Announcing eligibility for booster shots back at the end of October, Prime Minister Scott Morrison said: “The booster program will roll out directly to people living in residential aged care facilities and people with a disability through an in-reach program… The Pfizer COVID-19 booster shots are free and will be available through the primary healthcare network (GPs, community pharmacies, Aboriginal community controlled health services, and Commonwealth vaccination clinics) and state and territory vaccination hubs.”
Within days of the commencement, Health Minister Greg Hunt was claiming success: “We’re off to a flying start. GPs, state clinics, Commonwealth clinics, Indigenous medical centres, aged care and disability… they’ve been vaccinating people with boosters so it’s a great start and good news for Australians.”
As other vaccines were added to the program, the emphasis stayed on Commonwealth-funded services — mainly GPs, pharmacies and community health bodies, with state and territory hubs as an afterthought.
“There are over 8500 GPs, community pharmacies, Aboriginal community controlled health organisations, Commonwealth and state clinics providing access to either or both of Moderna and Pfizer for boosters,” Hunt said just 10 days ago.
Remember that the original vaccination rollout was intended to be mostly a Commonwealth responsibility: states and territories would vaccinate their frontline health workers while the Commonwealth took care of aged care and residential disability care, then open up to the bulk of the population in stages relying on primary care.
Commonwealth-funded GP respiratory clinics would be set up, and with GPs and Aboriginal health services would be responsible for vaccinating millions of Australians. GPs would be the “backbone” of the vaccination program, Hunt said.
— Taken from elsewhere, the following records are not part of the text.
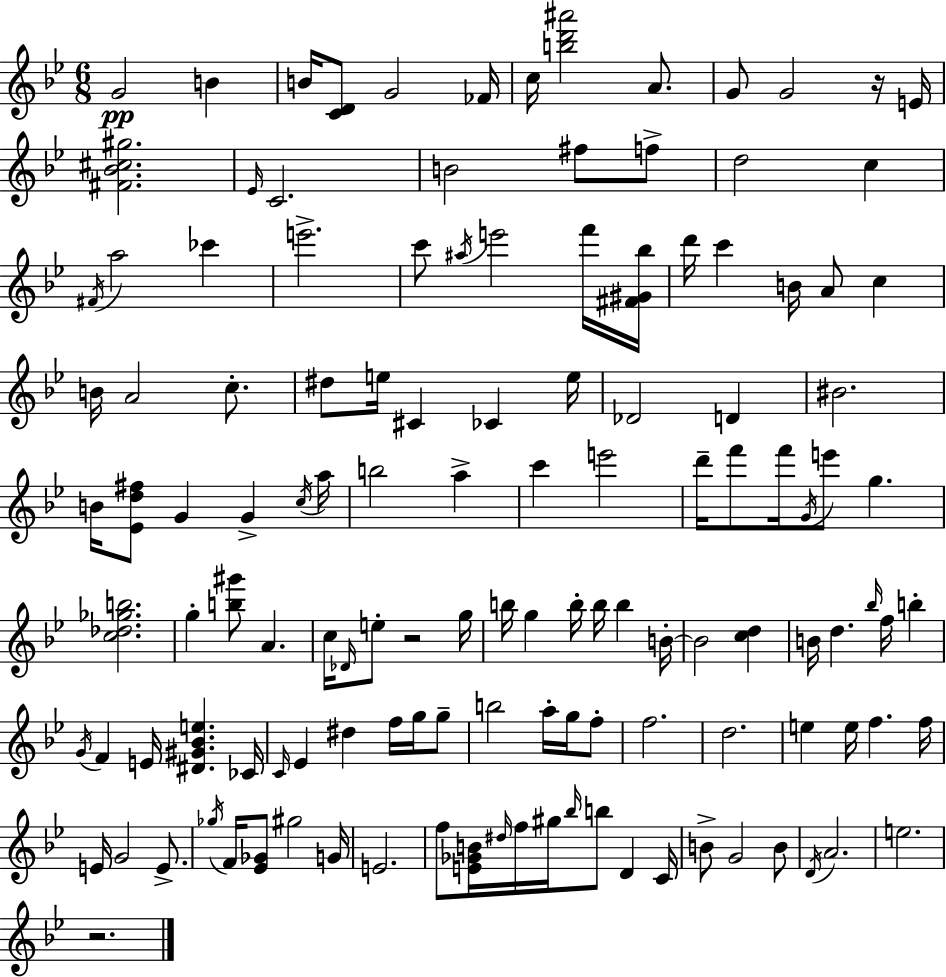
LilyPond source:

{
  \clef treble
  \numericTimeSignature
  \time 6/8
  \key bes \major
  \repeat volta 2 { g'2\pp b'4 | b'16 <c' d'>8 g'2 fes'16 | c''16 <b'' d''' ais'''>2 a'8. | g'8 g'2 r16 e'16 | \break <fis' bes' cis'' gis''>2. | \grace { ees'16 } c'2. | b'2 fis''8 f''8-> | d''2 c''4 | \break \acciaccatura { fis'16 } a''2 ces'''4 | e'''2.-> | c'''8 \acciaccatura { ais''16 } e'''2 | f'''16 <fis' gis' bes''>16 d'''16 c'''4 b'16 a'8 c''4 | \break b'16 a'2 | c''8.-. dis''8 e''16 cis'4 ces'4 | e''16 des'2 d'4 | bis'2. | \break b'16 <ees' d'' fis''>8 g'4 g'4-> | \acciaccatura { c''16 } a''16 b''2 | a''4-> c'''4 e'''2 | d'''16-- f'''8 f'''16 \acciaccatura { g'16 } e'''8 g''4. | \break <c'' des'' ges'' b''>2. | g''4-. <b'' gis'''>8 a'4. | c''16 \grace { des'16 } e''8-. r2 | g''16 b''16 g''4 b''16-. | \break b''16 b''4 b'16-.~~ b'2 | <c'' d''>4 b'16 d''4. | \grace { bes''16 } f''16 b''4-. \acciaccatura { g'16 } f'4 | e'16 <dis' gis' bes' e''>4. ces'16 \grace { c'16 } ees'4 | \break dis''4 f''16 g''16 g''8-- b''2 | a''16-. g''16 f''8-. f''2. | d''2. | e''4 | \break e''16 f''4. f''16 e'16 g'2 | e'8.-> \acciaccatura { ges''16 } f'16 <ees' ges'>8 | gis''2 g'16 e'2. | f''8 | \break <e' ges' b'>16 \grace { dis''16 } f''16 gis''16 \grace { bes''16 } b''8 d'4 c'16 | b'8-> g'2 b'8 | \acciaccatura { d'16 } a'2. | e''2. | \break r2. | } \bar "|."
}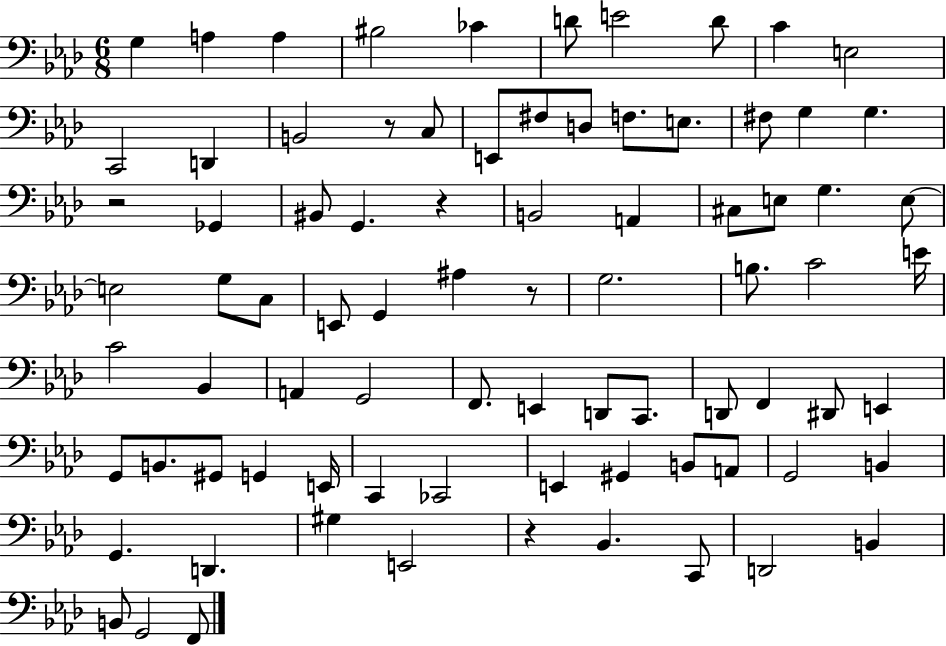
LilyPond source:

{
  \clef bass
  \numericTimeSignature
  \time 6/8
  \key aes \major
  g4 a4 a4 | bis2 ces'4 | d'8 e'2 d'8 | c'4 e2 | \break c,2 d,4 | b,2 r8 c8 | e,8 fis8 d8 f8. e8. | fis8 g4 g4. | \break r2 ges,4 | bis,8 g,4. r4 | b,2 a,4 | cis8 e8 g4. e8~~ | \break e2 g8 c8 | e,8 g,4 ais4 r8 | g2. | b8. c'2 e'16 | \break c'2 bes,4 | a,4 g,2 | f,8. e,4 d,8 c,8. | d,8 f,4 dis,8 e,4 | \break g,8 b,8. gis,8 g,4 e,16 | c,4 ces,2 | e,4 gis,4 b,8 a,8 | g,2 b,4 | \break g,4. d,4. | gis4 e,2 | r4 bes,4. c,8 | d,2 b,4 | \break b,8 g,2 f,8 | \bar "|."
}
Then it became clear what a debacle the Commonwealth program was, especially as the Delta variant exploded across Sydney, then Canberra and Melbourne.
The aged care and residential disability care rollout was a disaster, and GPs constantly lamented they weren’t getting enough vaccines because the government had relied too heavily on locally manufactured AstraZeneca. The states were forced to step up, opening up and expanding vaccination hubs from frontline workers to everyone in the face of thousands of cases a day.
Rinse, repeat.
Now Morrison wants the states to again step up and open up vaccination hubs to shoulder the burden of a booster program that suddenly looks as much of a race as the initial vaccination effort. Or as his apologists at The Australian put it, he’s “putting the heat on” the states. Meantime, GPs are complaining of a lack of funding and supply to meet the demand purely for those who are deemed eligible for one — which under the federal government’s rules is still only a minority of the population.
There are “plenty of doses in the fridge”, Morrison says, but apparently insufficient funding to make it worthwhile for GPs to run vaccinations at scale.
It’s early yet, but it looks increasingly like Morrison has again planned a Commonwealth rollout, it has again gone wrong, and he’s again demanding the states and territories save him. What will the price be this time?